Exercise directions
Only the lines below from the one with "Satin maxi dress" through the one with "España. 2012. Civic" are to be written out, exactly and without any images.

Dataset records
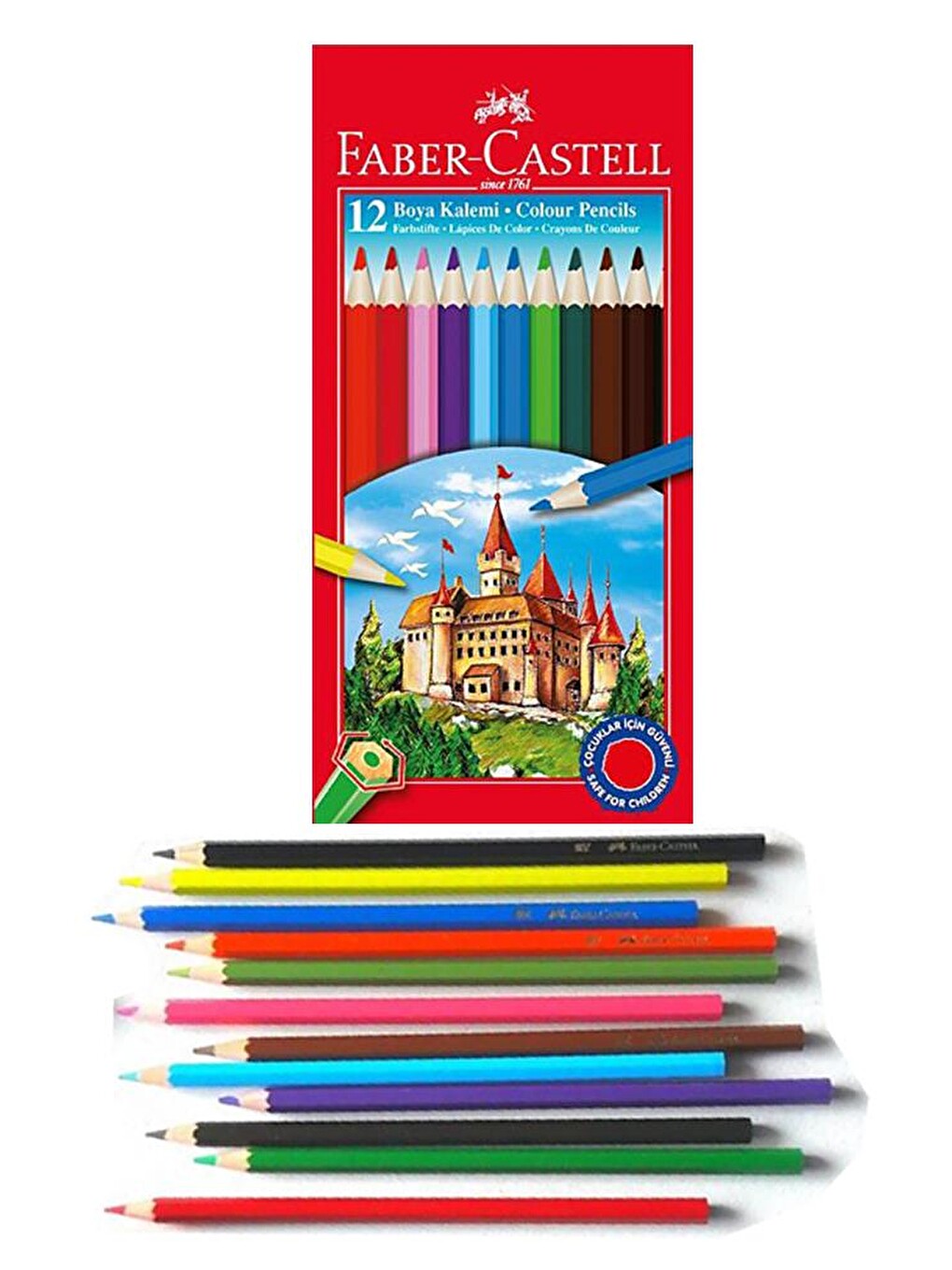 Öğrenci Boyama Seti 4 Lü 12 Renk Sulu Boya Kuru Boya Pastel Boya Keçeli Kalem 12 Li Boyama Seti-1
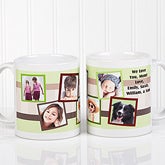 Personalized Photo Collage Coffee Mugs - 10382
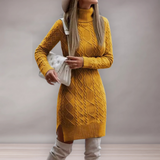 Robe pull en tricot pour femmes | Coupe classique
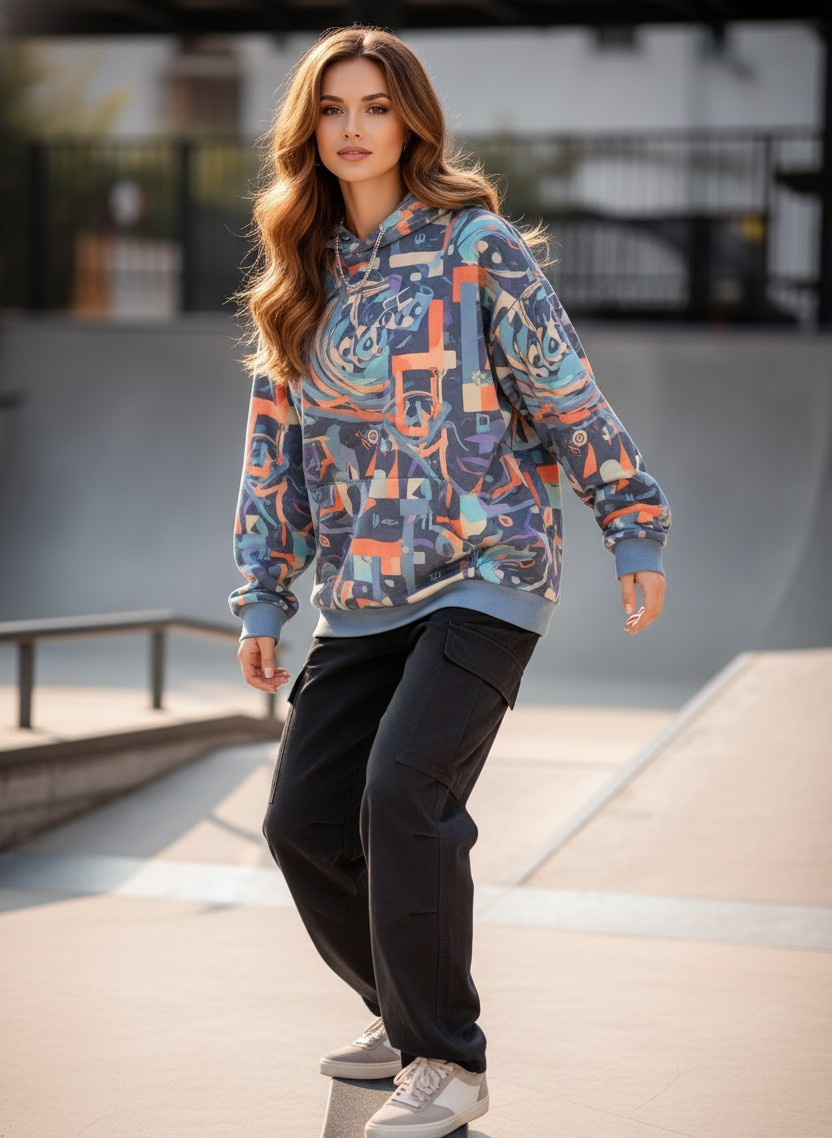 Fashion & Lifestyle — Skateboarder Vibe (Female)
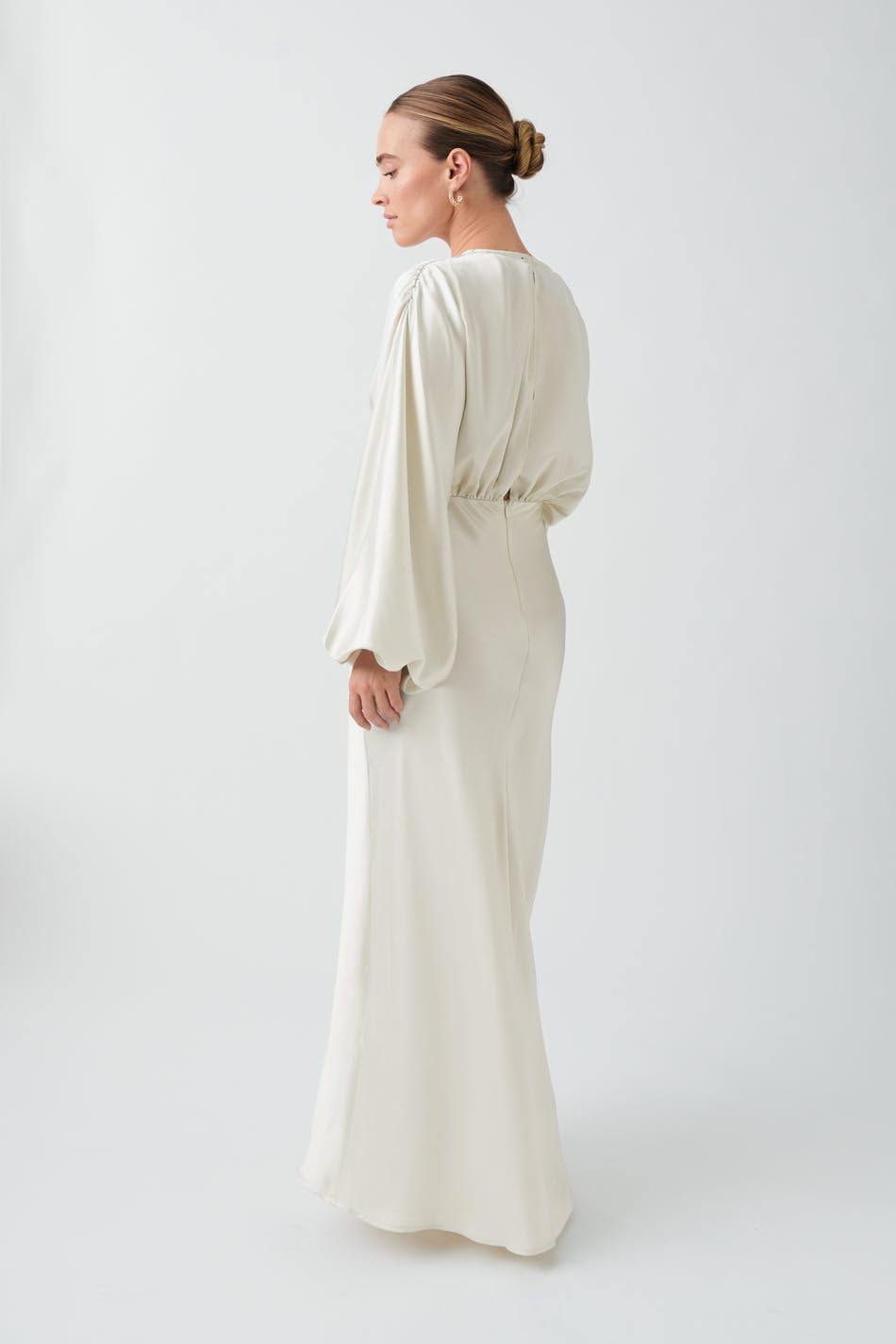 Satin maxi dress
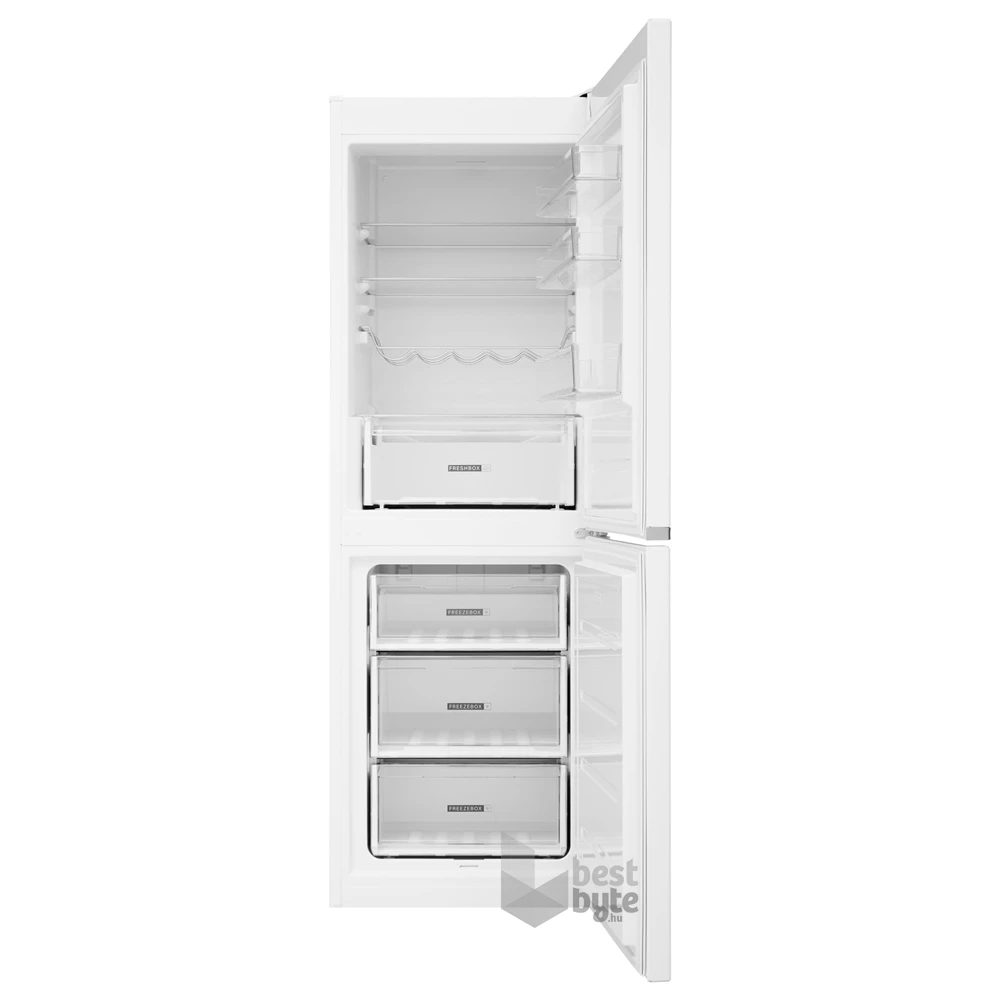 Whirlpool W5 722E W fehér, alulfagyasztós, Hűtő:197L, Fagyasztó:111L, Less. frost hűtőszekrény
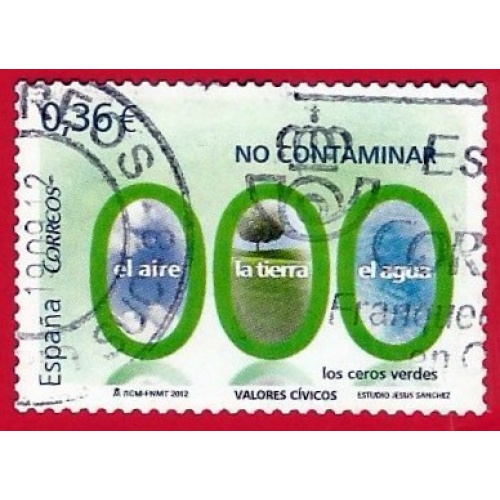 España. 2012. Civic values. Do not contaminate
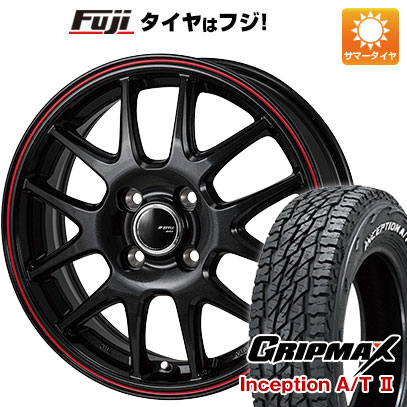 【新品 軽自動車】軽トラ 夏タイヤ ホイール4本セット 145R12C 80/78N グリップマックス インセプション A/TII RWL(限定) JPスタイル ジェファ 12インチ :fuji 21681 123254 35569 35569:フジ スペシャルセレクション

Result
 Satin maxi dress
 Whirlpool W5 722E W fehér, alulfagyasztós, Hűtő:197L, Fagyasztó:111L, Less. frost hűtőszekrény
 España. 2012. Civic values. Do not contaminate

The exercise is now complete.